100 days of gang truce

Tuesday marked the 100th day of the truce between El Salvador's gangs which has dramatically dropped the homicide rate in the country.   The gangs spoke about the future of the truce yesterday reports the AP:

Leaders of El Salvador's Mara street gangs said Tuesday that they are ready to start negotiations with the government toward a permanent peace pact following the success of a three-month-old temporary truce that has lowered the Central American country's murder rate dramatically. 
The gang leaders said during a ceremony at the Izalco prison to celebrate the first 100 days of the truce that they want the government to offer job programs or some other sort of aid to gang members in exchange. 
"We want to reach a definitive cease fire, to end all the criminal acts of the gangs" said Mara 18 leader Oscar Armando Reyes. "But we have to reach agreements, because we have to survive.

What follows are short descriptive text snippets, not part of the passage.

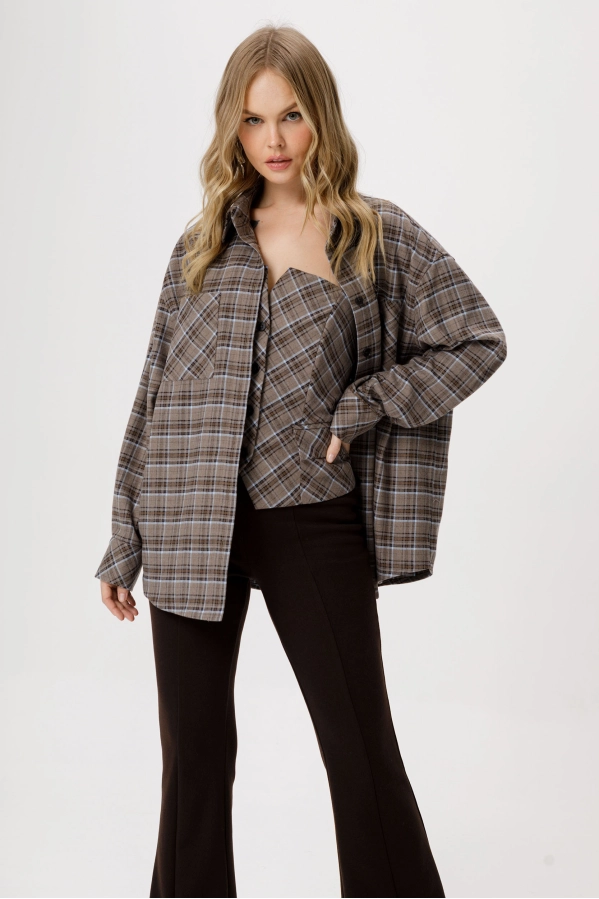 Топ-корсет PiRS 6395 серый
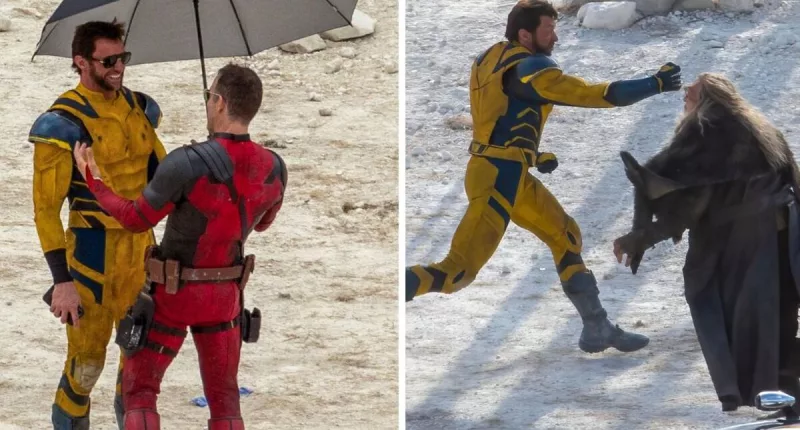 Deadpool spoiler photos show Ryan Reynolds and Hugh Jackman nastily killing huge villain
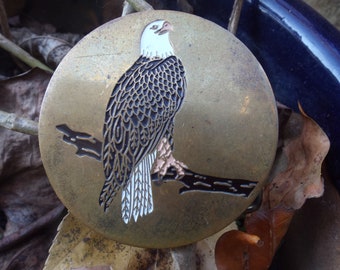 Christopher Ross Bald Eagle Belt Buckle 1976 Christopher Ross Gold eagle, 1976 main image 2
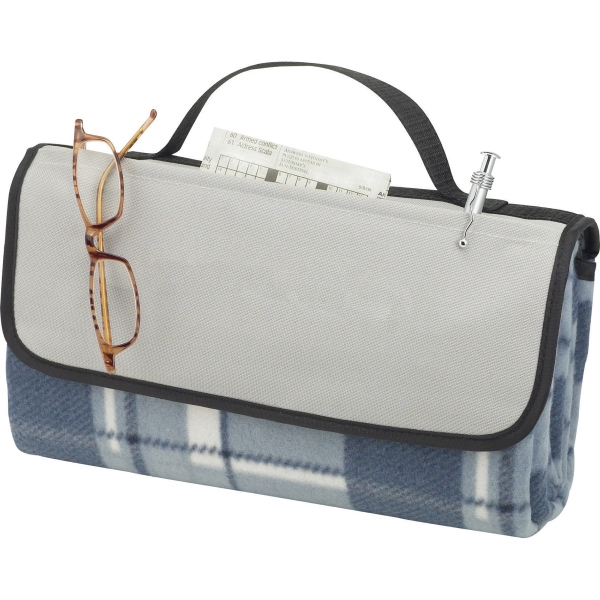 1 Day Service Plaid Park Picnic Blankets, Custom Printed With Your Logo!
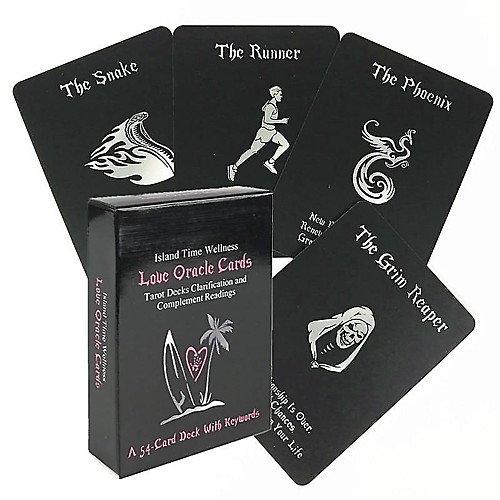 

card tarot deck with keyword games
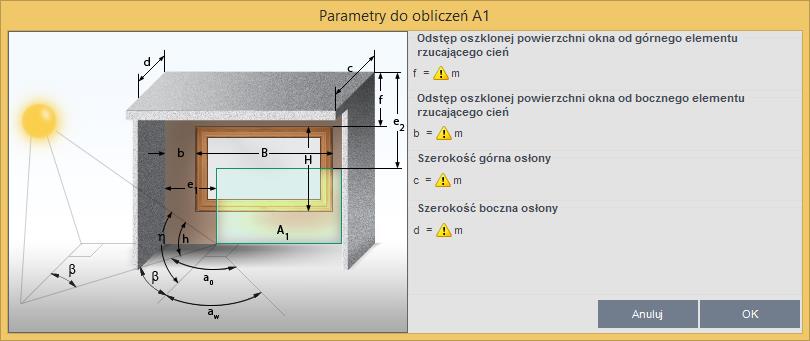 KLIMATYZACJA Parametry do obliczeń A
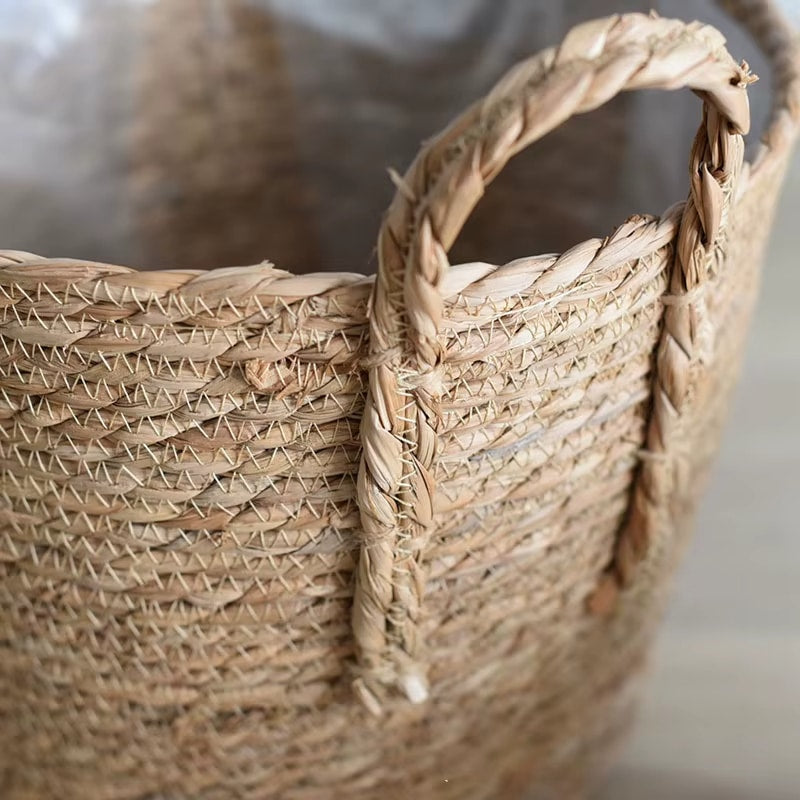 Pot de Fleur en Rotin Artisanal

There was talk of job plans, but we haven't gotten any answers, and it is time for the government to listen to us." 
Reyes said the gangs weren't thinking of ending the temporary truce.
"We are issuing a call for us all to sit down and have a dialogue, to reach a definitive accord," he said. 
There was no immediate response from the government.
While the homicide rate has dropped from around 14 a day at the beginning of the year to approximately 5 per day under the truce, levels of other crime seem to have dropped little if at all.   There are also reports that the number of missing persons is increasing, suggesting that some of the drop in the homicide rate is simply that the bodies are not being found.   Yet even with those caveats, there seems to be little doubt that the gang truce has momentarily improved the security situation in El Salvador.   The government and all sectors of society should take every measure possible to try to make those improvements permanent and to enhance a culture of peace.